◆ EXERCISE GOAL:
With pictures excluded, retype exactly every line from the one containing "BIO Beerenfrüchtchen vegan Werbetüte" to the end of the records below.

◆ PROVIDED RECORDS:
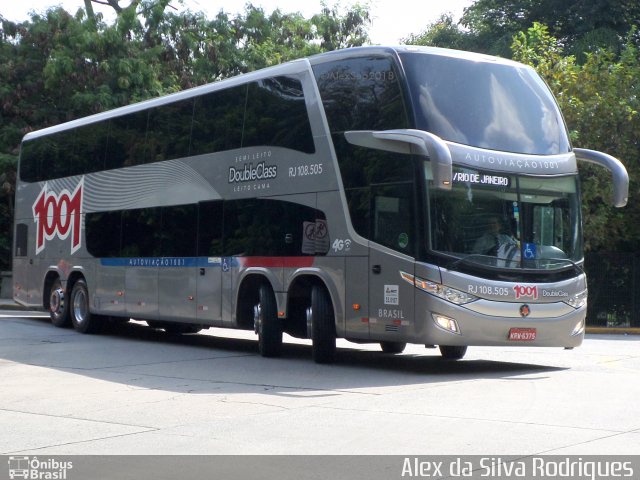 Auto Viação 1001 RJ 108.505 na cidade de São Paulo, São Paulo, Brasil, por Alex da Silva Rodrigues. Número da foto: #5896004.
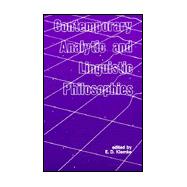 Contemporary Analytic and Linguistic Philosophies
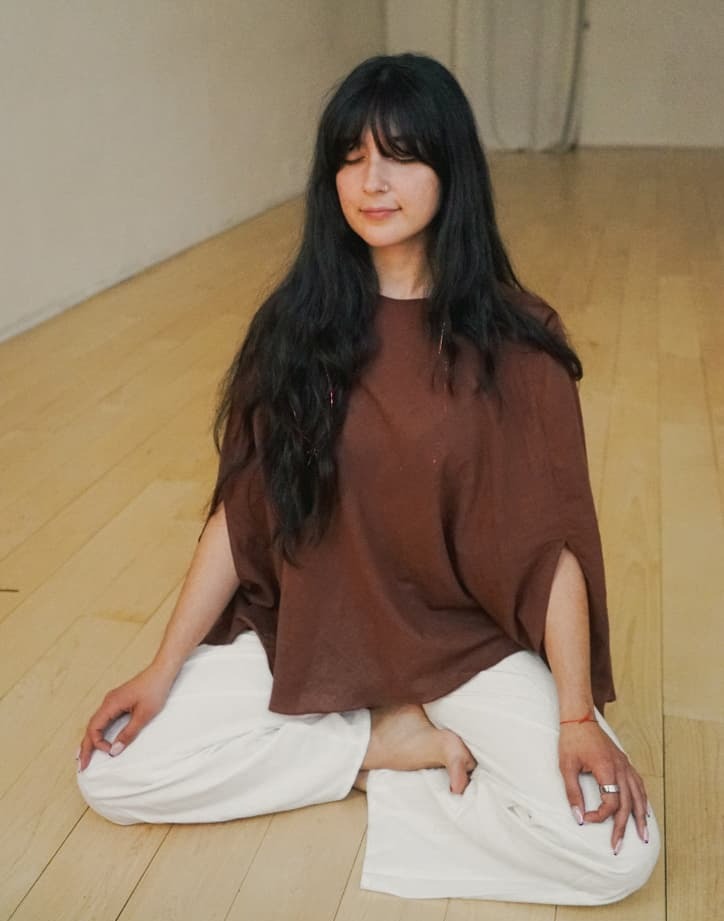 A daily ritual in Sovereign Studios meditationwear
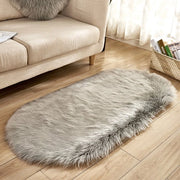 Tappeto in wolle per soggiorno, divano e camera da letto; 40*60cm (grigio)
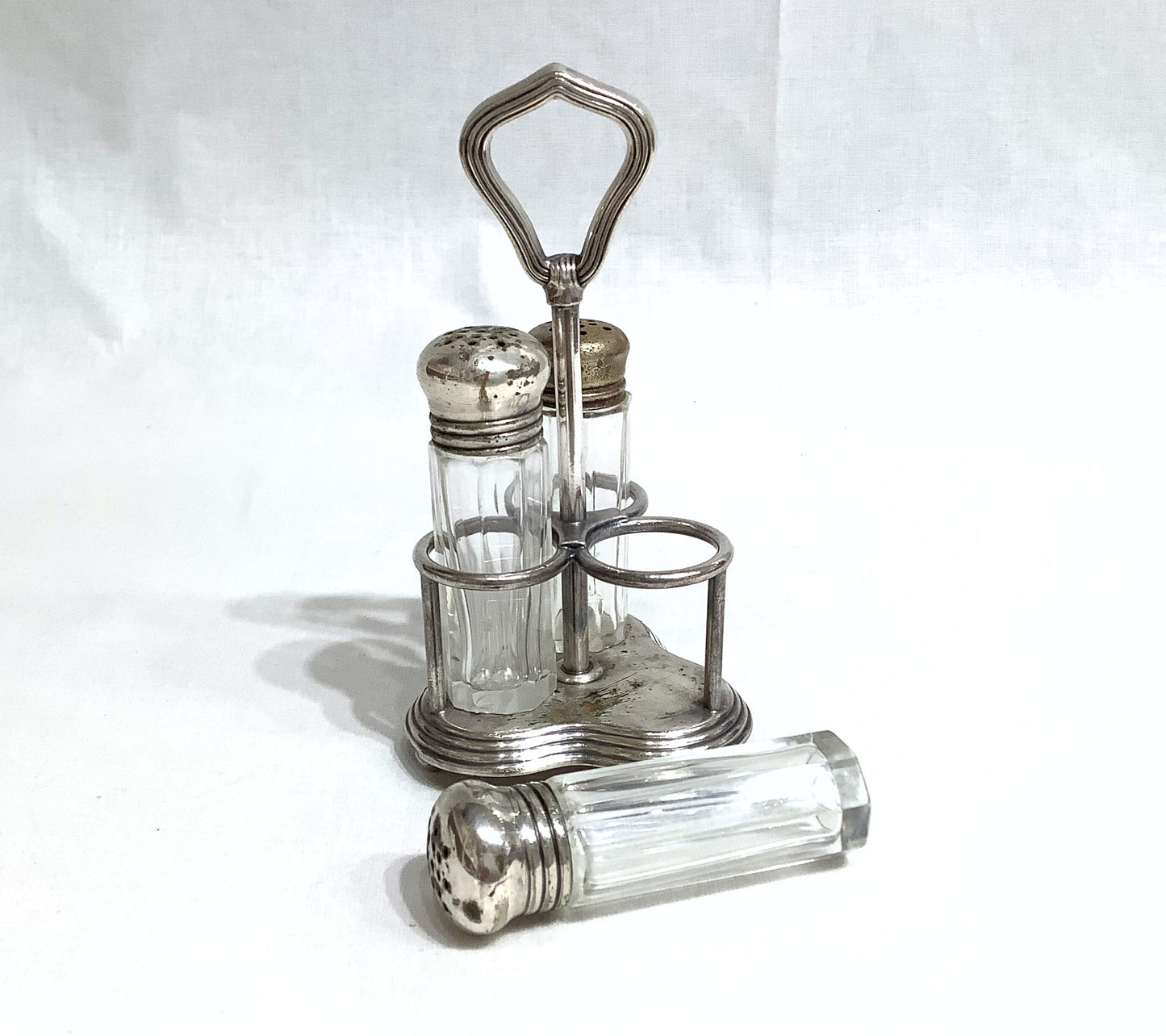 Antiques Salt and Pepper Service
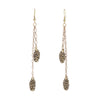 Image of Pinecones on Vintage Chain Earrings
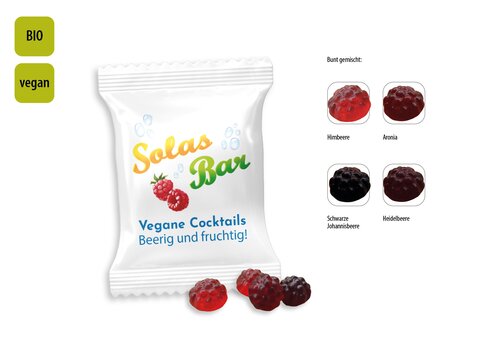 BIO Beerenfrüchtchen vegan Werbetüte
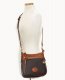 Dooney All Weather Leather 3.0 Zip Top Crossbody 23 Black ID-qc7JoopB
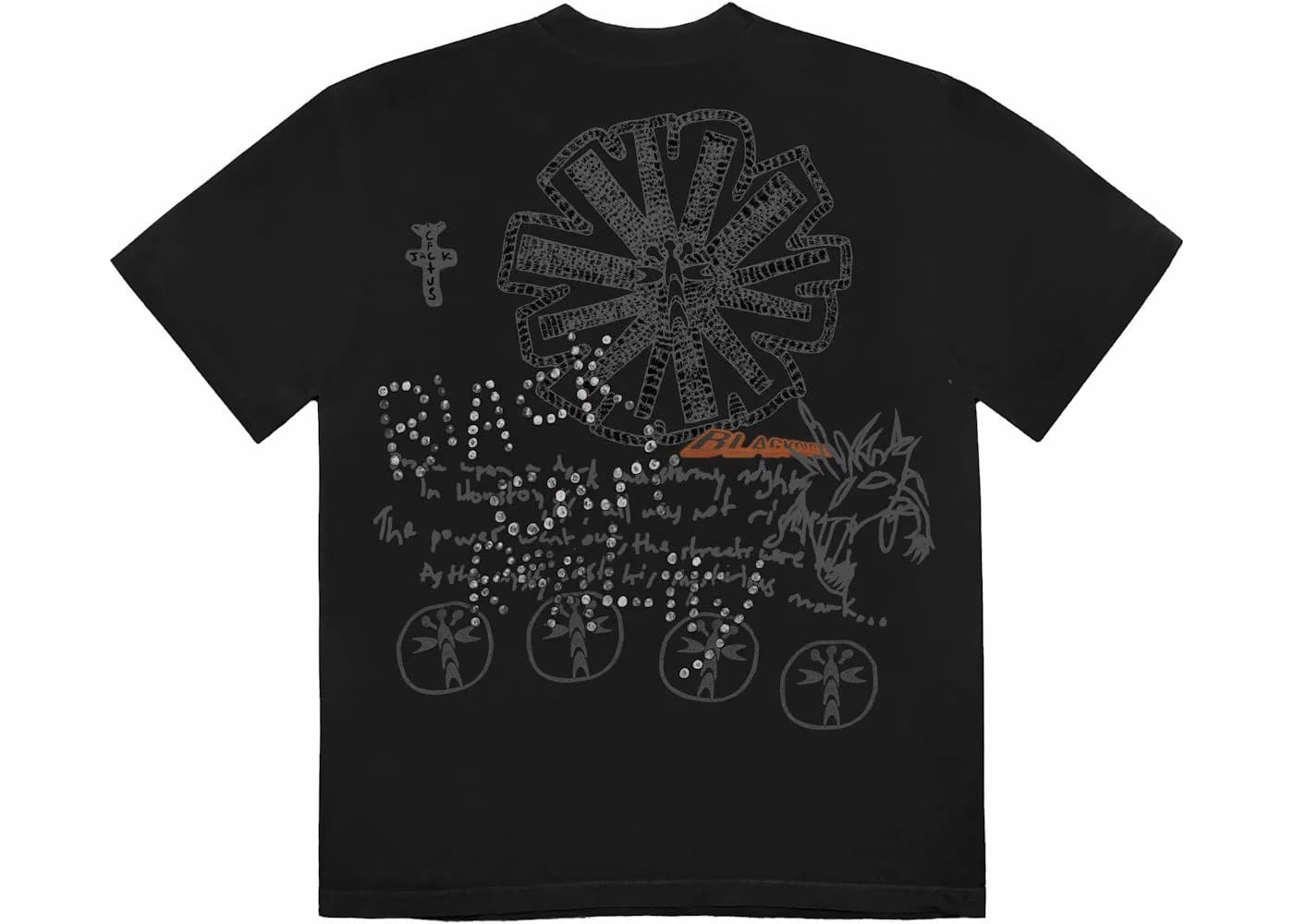 Travis Scott In The Dark T-Shirt Black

◆ ANSWER SECTION:
 BIO Beerenfrüchtchen vegan Werbetüte
 Dooney All Weather Leather 3.0 Zip Top Crossbody 23 Black ID-qc7JoopB
 Travis Scott In The Dark T-Shirt Black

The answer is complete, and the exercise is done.